古座街道は司馬遼太郎の「街道をゆく」で有名になったが、司馬がたどったのは南半分だけ。実は明治時代の一時期、田辺と古座を結ぶ主要街道と位置づけられていた。世が世ならば海岸の国道42号ではなく、古座街道が主要国道になってもおかしくなかったのだ。しばらくは忘れられ、荒れていたが、最近になって復活したという。
車を置いて上富田のまちを通過し、富田川沿いの国道をさかのぼると、上富田中学校の向かいに「彦五郎人柱之碑」と「溺死招魂碑」という碑がある。おそらく明治の大水害の犠牲者を悼んだものだろう。
彦五郎は、堤防をつくるために人柱になった男らしい。その堤防によって長年水害を防いでいたが、明治22年の洪水では決壊した。明治になって共有の森が次々伐採されたためだろう。
川縁を少し戻って、生馬橋をわたった。
生馬川沿いをさかのぼる。道路沿いは新しい家が多い。上富田は人口が増えているだけあって、人の姿をよく見かける。
生馬小方面の旧道を左に入る。山の斜面にたつ大師堂は小さな民家のようで、正面だけお堂風になっている。

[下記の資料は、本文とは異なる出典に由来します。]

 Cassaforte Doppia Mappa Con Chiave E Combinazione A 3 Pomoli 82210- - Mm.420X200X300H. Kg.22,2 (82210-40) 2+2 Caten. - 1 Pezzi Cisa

閉鎖されたガソリンスタンド、農協、役場の生馬出張所には、生馬財産区と生馬愛郷会の事務所も兼ねている。愛郷会や財産区があるということは、共有地を基礎にしたコミュニティのつながりが強いのかもしれない。
小学校から右に折れて県道と川をわたり、すぐの山道を50メートルほどたどると長い石段があらわれる。
103段のぼったてっぺんに社がある。虫遂(むしやなぎ)神社だ。石製の手水鉢があるが、こんな山のてっぺんに水を引いていたのだろうか。
小学校にもどって少し進むと、左手に約140段の石段がある。観音寺とうい寺で「さつき寺」とも呼ばれているらしい。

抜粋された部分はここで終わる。